Load the example sources
The package bundles three small source tables and one small tree. The source tables were sampled from real database structures, using only the columns needed for this example. They mirror three common inputs for mammal comparative work: the Amniote life-history database (Myhrvold et al. 2015), PanTHERIA (Jones et al. 2009), and TetrapodTraits (Moura et al. 2024). The bundled tree is a subset of the VertLife mammal phylogeny (Upham et al. 2019); the next code chunk reports its exact tip count. For analysis-grade trees download the full credible set from https://vertlife.org/phylosubsets/.
data(mammal_amniote_example)
data(mammal_pantheria_example)
data(mammal_tetrapodtraits_example)
data(mammal_tree_example)
cat(sprintf("Amniote-like source: %d rows\n", nrow(mammal_amniote_example)))
#> Amniote-like source: 4953 rows
cat(sprintf("PanTHERIA-like source: %d rows\n", nrow(mammal_pantheria_example)))
#> PanTHERIA-like source: 5416 rows
cat(sprintf("TetrapodTraits-like source: %d rows\n", nrow(mammal_tetrapodtraits_example)))
#> TetrapodTraits-like source: 5911 rows
cat(sprintf("Tree: %d tips\n", ape::Ntip(mammal_tree_example)))
#> Tree: 5987 tipsStep 1: Compare the source tables
The three sources contain related information, but they do not use the same column names. This is typical when assembling trait data from independent databases.

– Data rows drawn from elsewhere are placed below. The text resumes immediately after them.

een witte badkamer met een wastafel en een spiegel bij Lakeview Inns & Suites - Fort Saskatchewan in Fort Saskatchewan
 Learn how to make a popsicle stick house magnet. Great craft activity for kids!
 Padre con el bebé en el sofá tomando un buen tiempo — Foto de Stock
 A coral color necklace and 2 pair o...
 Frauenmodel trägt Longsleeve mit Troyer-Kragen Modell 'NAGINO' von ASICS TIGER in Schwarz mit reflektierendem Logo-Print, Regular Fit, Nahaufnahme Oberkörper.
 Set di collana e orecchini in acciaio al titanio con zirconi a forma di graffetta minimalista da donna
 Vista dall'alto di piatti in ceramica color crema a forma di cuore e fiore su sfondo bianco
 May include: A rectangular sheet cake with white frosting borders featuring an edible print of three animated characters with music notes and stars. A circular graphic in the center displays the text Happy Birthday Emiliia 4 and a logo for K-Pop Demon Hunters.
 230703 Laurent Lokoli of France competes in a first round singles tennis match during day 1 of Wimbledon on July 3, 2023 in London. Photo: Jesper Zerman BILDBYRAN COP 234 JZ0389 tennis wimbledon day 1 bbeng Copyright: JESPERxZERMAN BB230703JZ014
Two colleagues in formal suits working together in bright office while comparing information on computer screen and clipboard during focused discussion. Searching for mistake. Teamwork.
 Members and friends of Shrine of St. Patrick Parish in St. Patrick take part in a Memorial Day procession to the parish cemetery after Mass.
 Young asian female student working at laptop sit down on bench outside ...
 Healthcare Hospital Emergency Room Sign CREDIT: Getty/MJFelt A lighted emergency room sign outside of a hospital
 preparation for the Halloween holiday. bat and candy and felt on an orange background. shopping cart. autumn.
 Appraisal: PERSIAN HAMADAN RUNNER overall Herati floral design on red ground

source_columns <- tibble::tibble(
source = c("Amniote", "PanTHERIA", "TetrapodTraits"),
n_rows = c(
nrow(mammal_amniote_example),
nrow(mammal_pantheria_example),
nrow(mammal_tetrapodtraits_example)
),
n_columns = c(
ncol(mammal_amniote_example),
ncol(mammal_pantheria_example),
ncol(mammal_tetrapodtraits_example)
),
species_column = c("name", "MSW05_Binomial", "Scientific.Name")
)
knitr::kable(source_columns)| source | n_rows | n_columns | species_column |
|---|---|---|---|
| Amniote | 4953 | 5 | name |
| PanTHERIA | 5416 | 4 | MSW05_Binomial |
| TetrapodTraits | 5911 | 3 | Scientific.Name |
Step 2: Standardise the sources
We first convert each source into the same long-format structure. The
result keeps one row per source record, plus a source
column so the provenance of each value is retained.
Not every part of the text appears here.